The Ghosts of NASCAR: The Harlan Boys and the First Daytona 500
ISBN: 9781609382117
Platform/Publisher: JSTOR / University of Iowa Press
Digital rights: Users: unlimited; Printing: chapter; Download: chapter
Subjects: Daytona 500 (Automobile race) -- History; Stock car racing -- United States -- History;

Who won the first Daytona 500? Fans still debate whether it was midwestern champion Johnny Beauchamp, declared the victor at the finish line, or longtime NASCAR driver Lee Petty, declared the official winner a few days after the race. The Ghosts of NASCAR puts the controversial finish under a microscope. Author John Havick interviewed scores of people, analyzed film of the race, and pored over newspaper accounts of the event. He uses this information and his deep knowledge of the sport as it worked then to determine what probably happened. But he also tells a much bigger story: the story of how Johnny Beauchamp--and his Harlan, Iowa, compatriots, mechanic Dale Swanson and driver Tiny Lund--ended up in Florida driving in the 1959 Daytona race.

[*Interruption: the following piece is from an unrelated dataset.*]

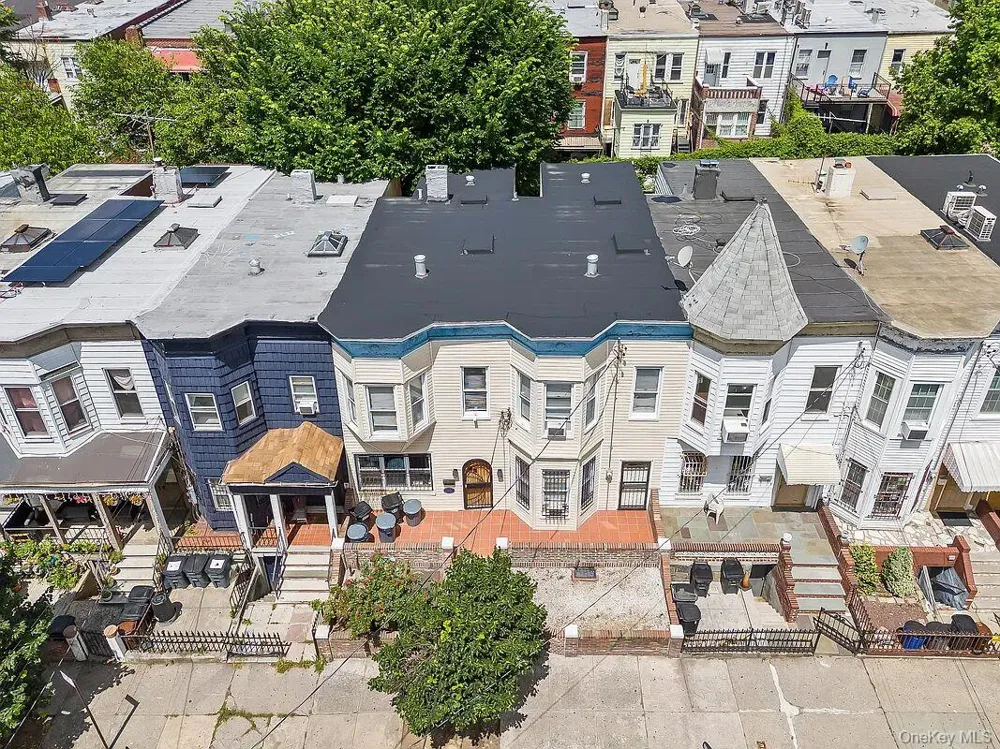 2459 Hoffman Street Bronx, NY 10458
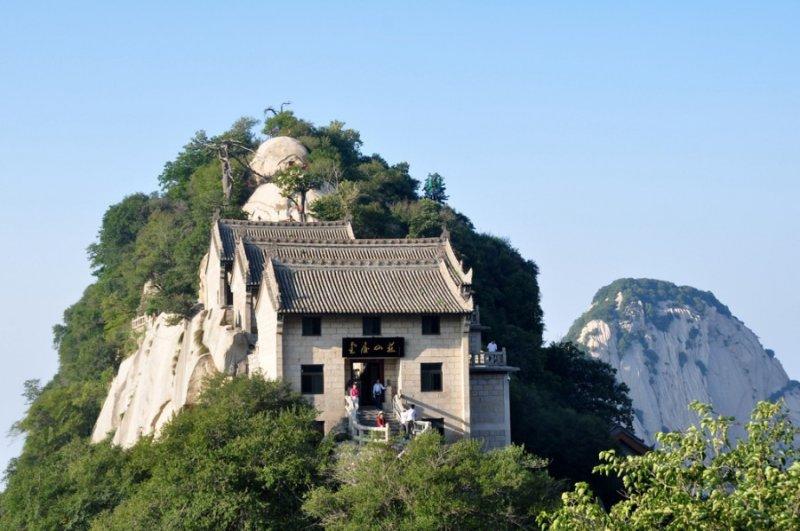 Dünyanın en tehlikeli turistlik yeri  Daoist tapınağı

The Ghosts of NASCAR details how the Harlan Boys turned to racing cars to have fun and to escape the limited opportunities for poor boys in rural southwestern Iowa. As auto racing became more popular and better organized in the 1950s, Swanson, Lund, and Beauchamp battled dozens of rivals and came to dominate the sport in the Midwest. By the later part of the decade, the three men were ready to take on the competition in the South's growing NASCAR circuit. One of the top mechanics of the day, Swanson literally wrote the book on race cars at Chevrolet's clandestine racing shop in Atlanta, Georgia, while Beauchamp and Lund proved themselves worthy competitors. It all came to a head on the brand-new Daytona track in 1959.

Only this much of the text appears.